IR LEDs: These components been developed with wavelengths well into the near-IR spectrum, with continuous power outputs of approximately 1 mW and pulsed power in the tens of milliwatts for wavelengths to 2.2 μm. Higher-wavelength LEDs are available, but the power output is in the microwatt range.
To extend the wavelength range and increase the power output, pumping techniques are used whereby a lower-wavelength source (LED or semiconductor laser) is used to excite a material with a bandgap in the wavelength of interest. The excited material then emits photons at a longer wavelength. This technique can increase the output power 20 times over that of standard LEDs at wavelengths greater than 3 μm.
Laser Diodes: Because of the process of stimulated emission of photons, a laser diode has an even narrower bandwidth than a conventional LED. In addition, laser diodes can have power outputs in the milliwatt range, making them appropriate for applications that require a high-power, narrowband source. Quantum cascade lasers can produce tens or hundreds of milliwatts in pulsed mode into the far-IR.
Quantum emitters offer high speed and efficiency but are not suited for broadband spectroscopic applications. Thermal emitters are well-suited spectrally for broadband applications, with outputs closely approximating Planck’s blackbody curve. Advances in technologies such as micromachining and in applications of existing physics have led to thermal radiators that have a long lifetime as well as relatively high pulsing speeds with high modulation depth.

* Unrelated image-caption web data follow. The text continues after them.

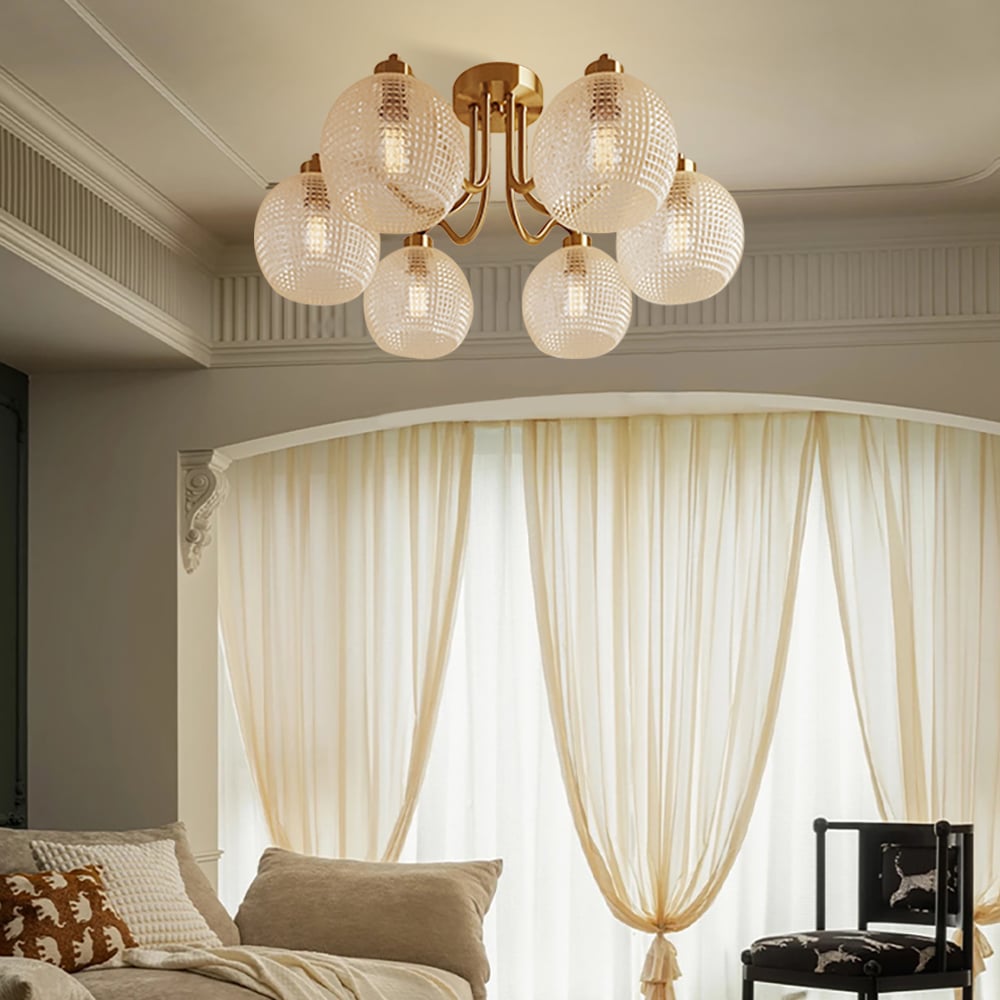 HMR - Retro Gold 6-Bulb Clear Glass Shade Chandelier Globe Semi Flush Mount Ceiling Light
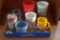 Box of Advertising Glasses and Mugs Including Unopened Pull Tab Grain Belt Steel Can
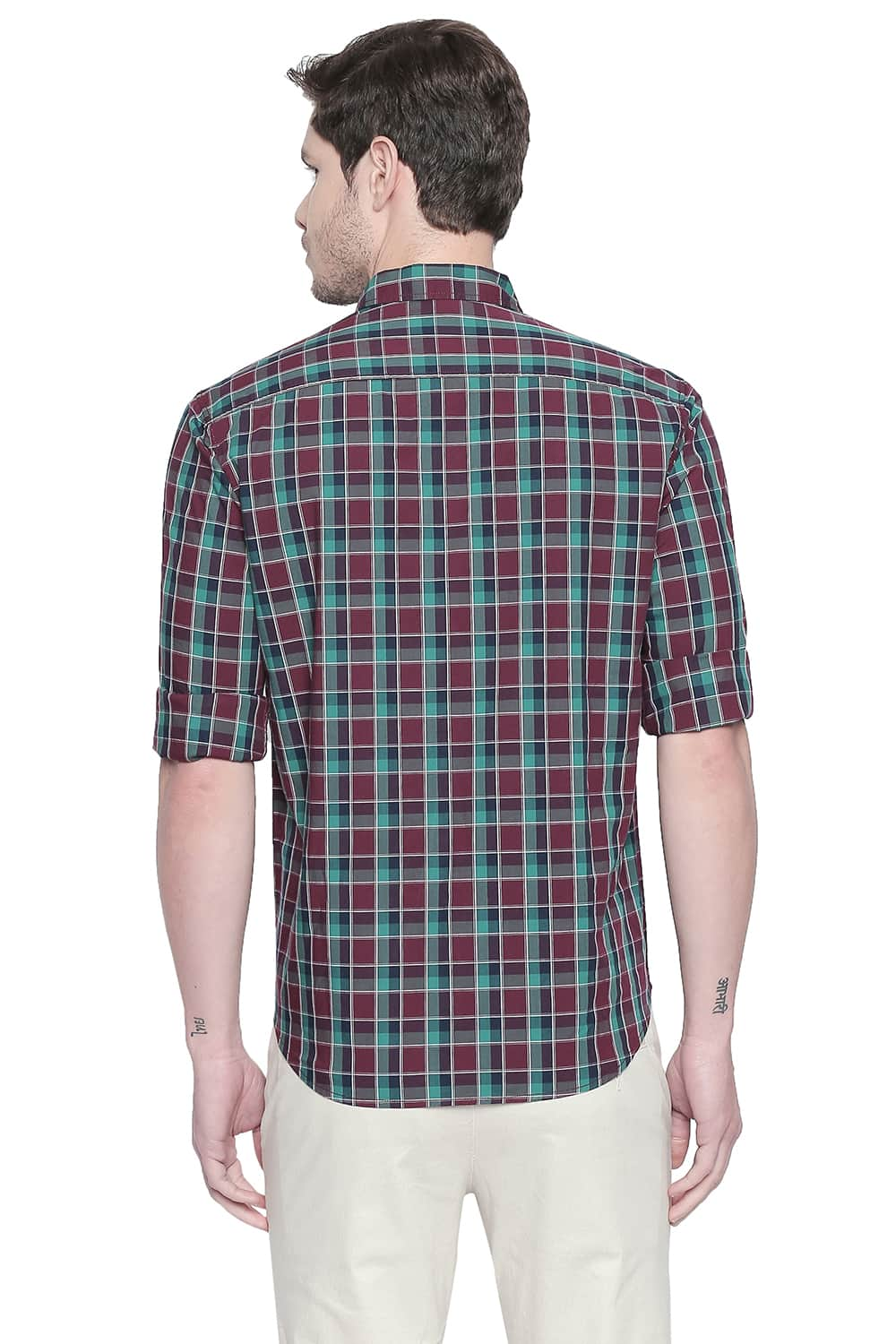 BASICS SLIM FIT CHECKS SHIRT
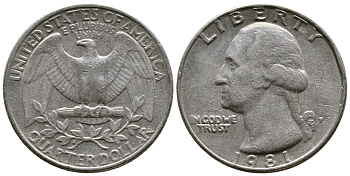 США 25 ЦЕНТОВ = КВОТЕР 1981 Р, ВАШИНГТОН КМ А164а медь плакированная медно-никелем 56-1211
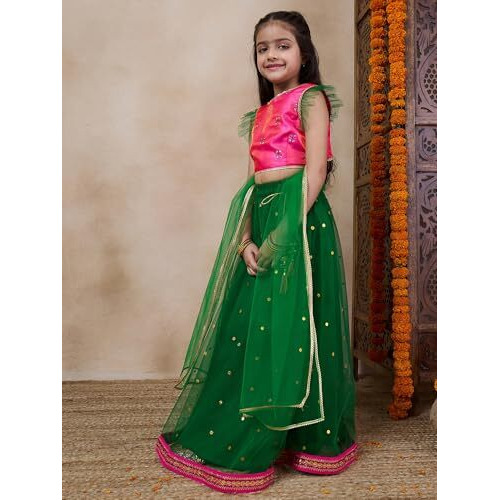 Pspeaches Girl's Net With Dupatta (L-Greentikli-4- Green_4-5Y)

In addition, cost is always a criterion for any practical system, and solutions that are more exotic are more expensive, but prices will decrease as technology advance. All of these developments improve the quality of spectroscopic systems but require the designer to carefully consider the trade-offs when selecting a specific emitter technology.
Meet the author
Brian Elias is director of engineering at Cal Sensors Inc. in Santa Rosa, Calif.; e-mail: email@example.com.
In 1860, Gustav Kirchhoff used the term “blackbody” to refer to an object that perfectly absorbs and thereby perfectly emits energy. In 1894, Wilhelm Wien developed his displacement law, which provided the general form of the equation for the spectral distribution of the radiation from a blackbody. Unfortunately, it agreed only with the experimental data at short wavelengths. In 1900, Lord Rayleigh derived an expression that fit the experimental data for long wavelengths, but his expression predicted that energy would increase without limit as the wavelength decreases, earning it the dubious distinction as the “ultraviolet catastrophe.” Max Planck interpolated between Wien and Rayleigh to provide a radiation formula that was valid at all wavelengths. He presented his paper to the German Physical Society on Oct. 19, 1900. This introduced the concept of quantum physics.